I moved my sites from Google Kubernetes Engine to Netlify and saved $1000 / year (plus numerous hours of maintenance)
This month I moved from Google Cloud’s hosted Kubernetes (Google Kubernetes Engine or GKE) to Netlify. My migration onto GKE was one of my big projects last year and this move to Netlify was a big move this year so I wanted to take the time to sit down and reflect on the journey - the decisions that were made and the resultant outcomes.
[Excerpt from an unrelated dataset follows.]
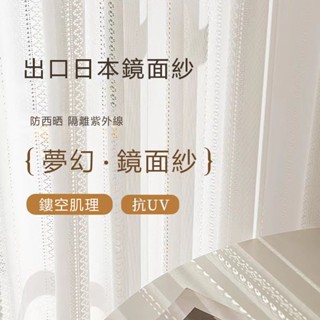 【🌟星藝🌟】紗簾 日式鏡面紗 加厚鏡面白紗 透光不透人 窗紗 隔斷簾 遮光窗簾 白紗 窗簾 半遮光落地窗簾紗 客製紗簾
Last year I migrated all my sites to Google Kubernetes Engine from running adhoc on a machine from Digital Ocean. I did this for a few reasons, but the biggest ones I can remember were:
- I wanted more structure and less dealing with individual machines
- I wanted to learn about the hot shit that was Kubernetes
- I wanted experience with a mainstream cloud provider
Given these goals, the experience was valuable and served its purpose. I did learn a ton about k8s and do prefer the code-first configurations it provides over configuring individual machines. It’s saved me lots of time and lots of headaches.
I get k8s at a basic level - I understand why its approach is so scalable both from a performance and maintenance standpoint.
I got experience with Google Cloud and can see how one could scale their creation to 100s of thousands of users should the need arise.
moving away from GKE
As the post title suggests, though this experience was extremely valuable for me, it wasn’t enough to keep me there.
gke was overkill for my sites
I think my sites are cool and valuable (which is part of the reason I keep building them) but they aren’t really that popular. Last month, one of my posts hit the front page of Hacker News bringing in the most traffic I’d ever gotten - ~1,500 visitors in one day. This brought my total monthly visitors up to 3,801.
A screenshot of what that spike looked like in my stats
This was obviously a lot of traffic for me. But if we sit down to do the math real quick, 3,800 visitors each month means just 0.001446 per second, 0.08676 per minute, or 5.205 per hour (see the Wolfram Alpha calculation). Which isn’t much at all.
A modern laptop could easily handle that. A 5 year old laptop probably wouldn’t have trouble. I think even a new Raspberry Pi could do it with no problem (assuming you keep it from overheating).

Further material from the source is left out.